Financing

4 tactics Chili’s parent is bidding farewell

Brinker International said the redirections will set up the casual giant for extended growth.
Photograph: Shutterstock

The fiscal year that ended June 26 for Brinker International was a time of transition for the parent of Chili’s Grill & Bar and Maggiano’s Little Italy, according to CEO Wyman Roberts, who asserted to investors that the changes have set the concepts on a course of future growth. 

Part of the redirection, he said in reporting fourth quarter and full year results, was discontinuing some of the practices that have long been followed by the company and its casual-dining rivals. 

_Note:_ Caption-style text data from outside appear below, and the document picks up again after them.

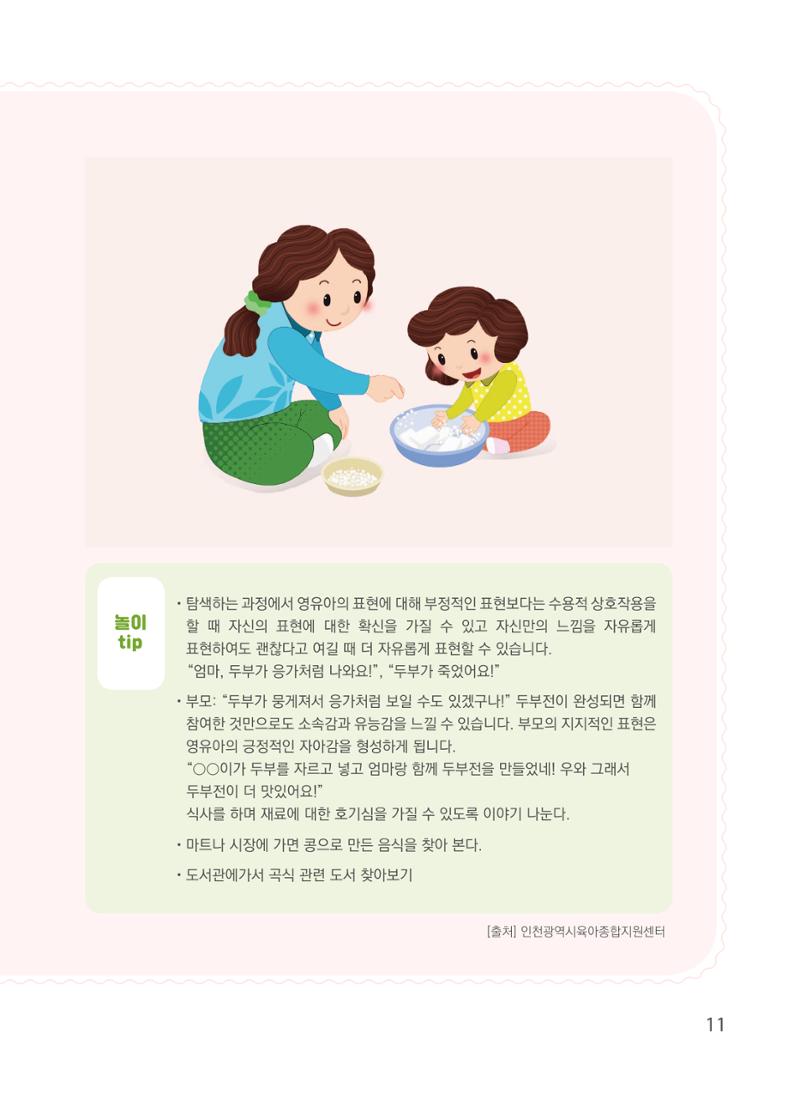 2023 놀이를 부탁해 12페이지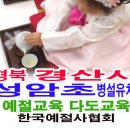 성암초교 병설유치원 이미지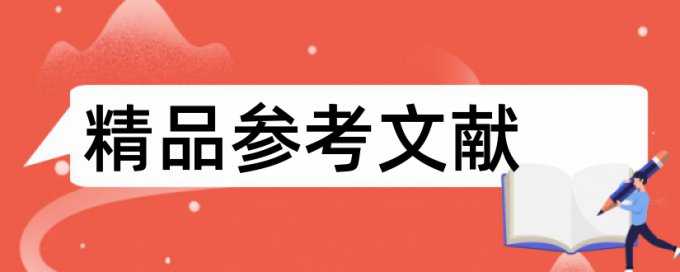 电大期末论文检测软件相关问答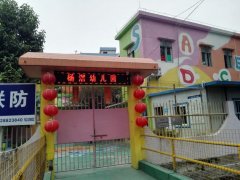 杨滘幼儿园的图片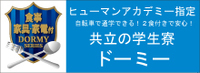 sponsor_bnr_fukuoka01.jpgのサムネイル画像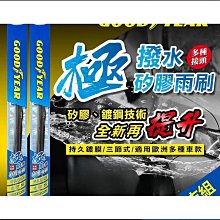 熱賣異爵發光指尖陀螺夜光手指破刃黑科技減壓玩具解壓神器孩童限量版 歷史價格詳細信息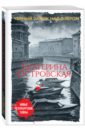 Черный замок над озером - Островская Екатерина Николаевна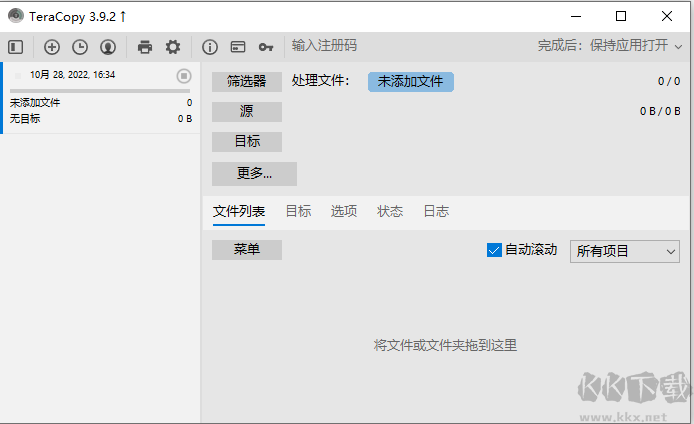 Teracopy 3.9.2 官方版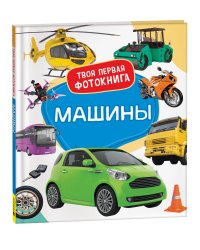 Машины. Твоя первая фотокнига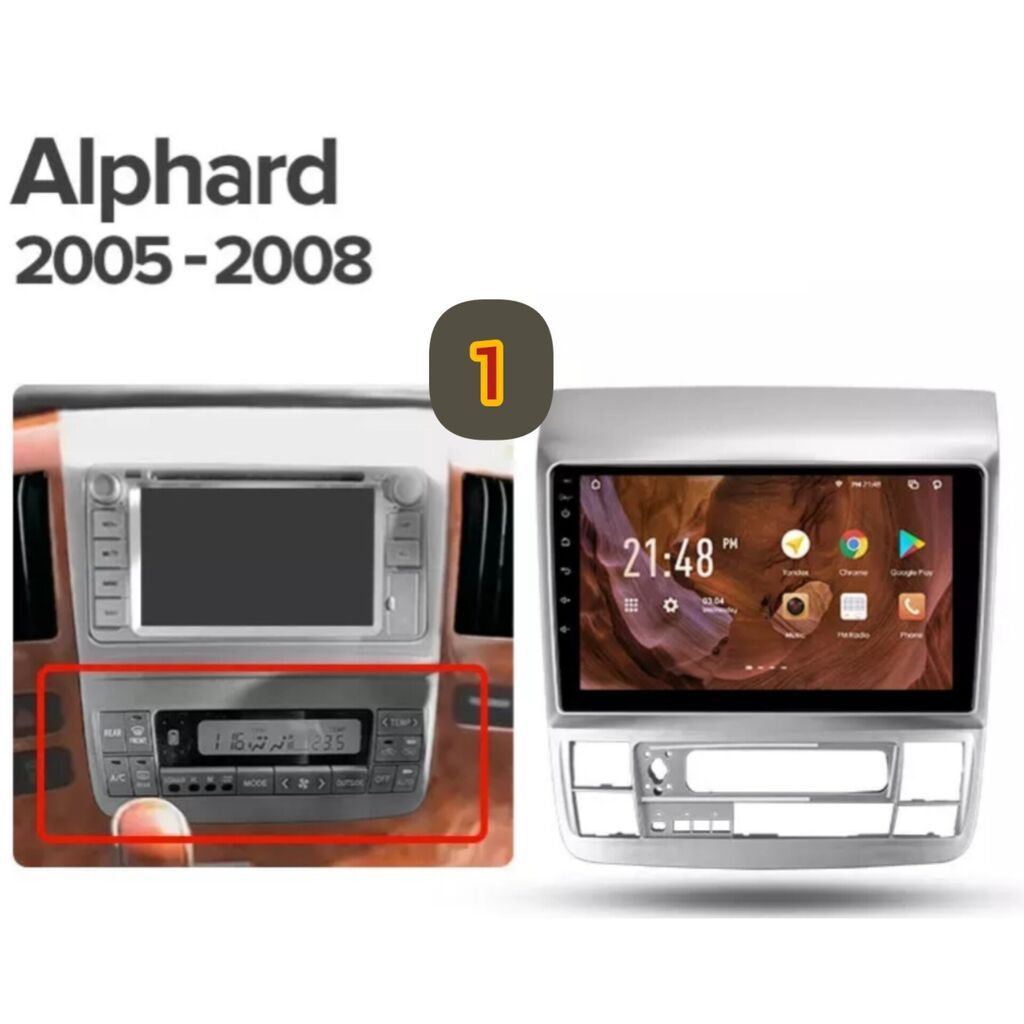 Новый, Нестандартный, 9 ", Android (встроенная ОС), 3 ГБ ОЗУ, 32 Гб ПЗУ: фото 3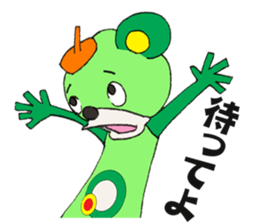 Freedom Greenboy sticker #12304863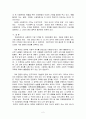 프래드랜드의 사회복지기본가치는 인간존엄성, 자기결정, 평등 및 기회균등, 사회적 연대로 총 4가지이다. 이 네가지 중 사회복지의 기본가치 중 가장 중요한 것을 자신이 고른다면 무엇인지 선택하고 그 이유를 서 2페이지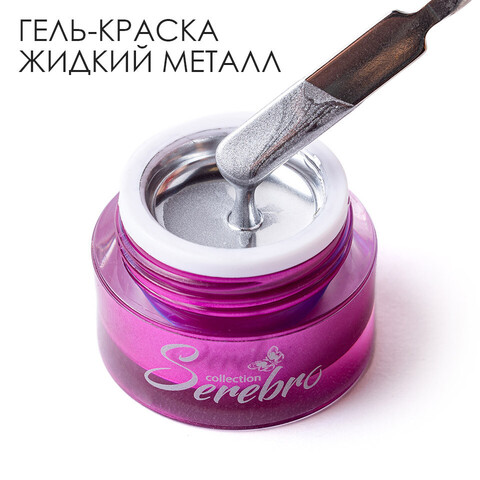 Гель краска Serebro Жидкий металл, цвет серебро 5 мл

Among the standard operating procedures that were dropped: 

Using LTOs

At Chili’s, “we didn't do an LTO, no promotional activity, no new initiatives,” Roberts said. Instead, casual dining’s second-largest chain focused on simplifying operations and improving service. Said Roberts, “We let our operators really run their systems and get much more comfortable at running the day-to-day business, and that paid a lot of dividends for us both from a guest perspective and from an operations perspective.”

2 for $20 deals

The offer—two entrees and an appetizer or dessert for splitting, all priced at $20—was the staple casual-dining offer early in the decade, when chains in the sector were losing value-conscious customers to fast-casual upstarts. Roberts boasted that Chili’s had been a leader in wielding that marketing come-on, but declared it dead for Chili’s purposes. “We needed to refresh that proposition,” he said. “We wanted a more flexible platform that would work across both dayparts. And we've got that now.”

Chili’s new lure is the 3 for $10 deal, which allows dine-in patrons to choose a nonalcoholic beverage, appetizer and entree for a bundled price of $10. The offer delivers a profit and doesn’t overtax operations, he told the financial analysts, hinting that the platform might be tweaked to promote particular menu sections going forward. 

A no-go on small-order delivery

After Chili’s long refusal to partner with third-party deliverer services, Roberts spoke effusively about the opportunities now facing the chain under the exclusive deal it recently announced with DoorDash“We've already seen significant incremental off-premise growth that's accretive to margins, and now we're investing to grow our scale,” he said. 

It is delivering incrementality at very high levels, right in line with what our test shows,” said CFO Joe Taylor. “It's delivering a better check and it's delivering a better PPA (per-person average).” He pegged the incrementality at 80%.

Maggiano’s conventional growth strategy

Brinker is looking at “how we can take Maggiano's to new locations, both traditional and nontraditional,” Roberts said of the company’s secondary, 52-unit chain. He noted that the Italian concept recently opened its first restaurant in an unconventional setting: an airport. 

Roberts noted that the company is already reaping some of the benefits from the changes, which he said were part of the strategy adopted by Brinker 1.5 years ago. Chili’s domestic same-store sales rose 1.3% for the fourth quarter and 2.2% for the year, while Maggiano’s comps slipped 0.2% for Q4 but inched upward 0.6% for fiscal 2019. Net income for the 12 months hit $154.9 million on revenues of $3.22 billion.